The creators of StealC, a widely-used data stealer and malware downloader, have launched its second main model, bringing a number of stealth and knowledge theft enhancements.
The newest model of StealC was truly made out there to cybercriminals in March 2025, however Zscaler researchers who analyzed it simply revealed an in depth write-up.
Within the weeks that adopted its launch, a number of minor bug fixes and level releases added new options, with the newest being model 2.2.4.
StealC is a light-weight info-stealer malware that gained traction on the darkish net in early 2023, promoting entry for $200/month.
In 2024, it was noticed in large-scale malvertising campaigns and assaults locking programs into inescapable kiosk modes.
In late 2024, it was confirmed that StealC growth remained very energetic, with its builders including a bypassing mechanism for Chrome’s ‘App-Certain Encryption’ cookie-theft defenses, permitting the “regeneration” of expired cookies for hijacking Google accounts.
New in newest model
Model 2 (and later) was introduced in March 2025. In accordance with Zscaler’s evaluation, it brings the next main enhancements:
- Payload supply enhancements with help for EXE recordsdata, MSI packages, and PowerShell scripts, and configurable payload triggering.
- RC4 encryption was added for code strings and command-and-control (C2) communications, with random parameters in C2 responses for higher evasion.
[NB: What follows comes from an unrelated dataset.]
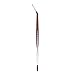 Princeton Velvetouch Artiste, Mixed-Media Brush for Acrylic, Watercolor & Oil, Series 3950 Mini Tight Spot Luxury Synthetic, Size 3/0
- Structure and execution enhancements with new payloads compiled for 64-bit programs, resolving API capabilities dynamically at runtime, and introducing a self-deletion routine.
- New embedded builder that permits operators to generate new StealC builds utilizing templates and customized knowledge theft guidelines.
- Added Telegram bot help for real-time alerts to operators.
- Added functionality to screenshot the sufferer’s desktop with multi-monitor help.
Supply: Zscaler
Nonetheless, aside from the function additions, there have additionally been some notable removals, just like the anti-VM checks and DLL downloading/execution.
These would possibly point out an effort to make the malware leaner, however they might even be collateral injury from main code rework and could possibly be re-introduced in higher type in future variations.
Supply: Zscaler
In the latest assaults seen by Zscaler, StealC was deployed by Amadey, a separate malware loader, although totally different operators might differentiate the supply strategies or assault chains.
To guard your knowledge from info-stealer malware, keep away from storing delicate data in your browser for comfort, use multi-factor authentication to guard your accounts, and by no means obtain pirated or different software program from obscure sources.
Based mostly on an evaluation of 14M malicious actions, uncover the highest 10 MITRE ATT&CK strategies behind 93% of assaults and learn how to defend towards them.